In the example below, we configure the default apps to configure HTTP/HTTPS proxy variables and add a secret used by cert-manager which contains AWS Route53 credentials to solve DNS01 challenges. Typically, these two are usually used in combination in private clusters.

apiVersion: application.giantswarm.io/v1alpha1
kind: App
metadata:
  labels:
    app-operator.giantswarm.io/version: 0.0.0
    app.kubernetes.io/name: default-apps-cloud-director
  name: gs-test-default-apps
  namespace: org-giantswarm
spec:
  catalog: cluster
  kubeConfig:
    inCluster: true
  name: default-apps-cloud-director
  namespace: org-giantswarm
  userConfig:
    configMap:
      name: gs-test-default-apps-user-values
      namespace: org-giantswarm
  version: 0.6.0
---
apiVersion: v1
data:
  values: |
	clusterName: gs-test
	organization: giantswarm
	managementCluster: glasgow
	userConfig:
  	  certManager:
    	    configMap:
      	      values: |
        	        controller:
          	          proxy:
            	            noProxy: 10.80.0.0/13,10.90.0.0/11 ,test.gigantic.io, cd.neoedge.cloud,svc,127.0.0.1,localhost
            	            http: http://10.100.100.254:3128
            	            https: http://10.100.100.254:3128
	apps:
  	  certManager:
    	    extraConfigs:
      	      - kind: secret
        	        name: gs-test-cert-manager-user-secrets
kind: ConfigMap
metadata:
  labels:
    app-operator.giantswarm.io/watching: "true"
    cluster.x-k8s.io/cluster-name: gs-test
  name: gs-test-default-apps-user-values
  namespace: org-giantswarm

Herding clusters

Since we have a multitude of clusters to manage for our customers, Giant Swarm is committed to using and improving the Gitops framework and it fits just right with Cluster API. We rely on the Open Source project Flux-CD to control the desired state of clusters across our customers' fleets, all orchestrated from the simplicity of a few Git repositories.
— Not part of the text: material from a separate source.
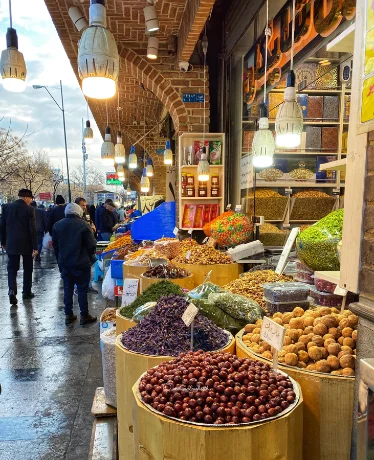 A neighbourhood bazaar storefront in winter, its open bins filled with dried fruit, nuts and pulses as shoppers pass.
Gone are the days of clicking through the VCD UI or issuing imperative commands to deploy or manage clusters. Pull Requests (PRs) are the new cool kids on the block as the benefits are countless:

Tracking and versioning.
Peer approval process.
Rollback capabilities.
Better collaboration.
Unmatched flexibility and scalability.
And so much more.

Our Gitops framework allows our customers to create Kubernetes clusters on VMware Cloud Director by committing a few files that can be copied from existing clusters. The structure offers a base layer, to which a number of overlays can be added to customize clusters and their respective apps independently from each other.
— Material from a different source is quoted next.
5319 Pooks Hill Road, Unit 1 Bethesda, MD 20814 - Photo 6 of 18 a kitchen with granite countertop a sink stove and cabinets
You can find out more about this by looking at our Gitops-template repository, which contains the structure we use for both our customers and our own clusters.

We advise all our customers, regardless of the infrastructure provider they use, to embrace GitOps for all these reasons, and so far, the feedback has been nothing but great. Through PR reviews, the customer gains peace of mind while simultaneously acquiring valuable insights when collaboration is needed for fixing or commenting.

Wrap up

We’ve been iterating our CAPVCD integration for a while now and it’s been a success marked by fine-tuning the deployment processes, upgrade procedures, and feature additions. Our customers are happy with the result and keep helping us improve the product through technical feedback and feature requests, which we enthusiastically welcome.

While we already have a solid production-ready way to manage Kubernetes on VMware Cloud Director, our roadmap is packed with cool enhancements that will keep our customers and ourselves on that upward development trend we’ve been riding for the past year and a half.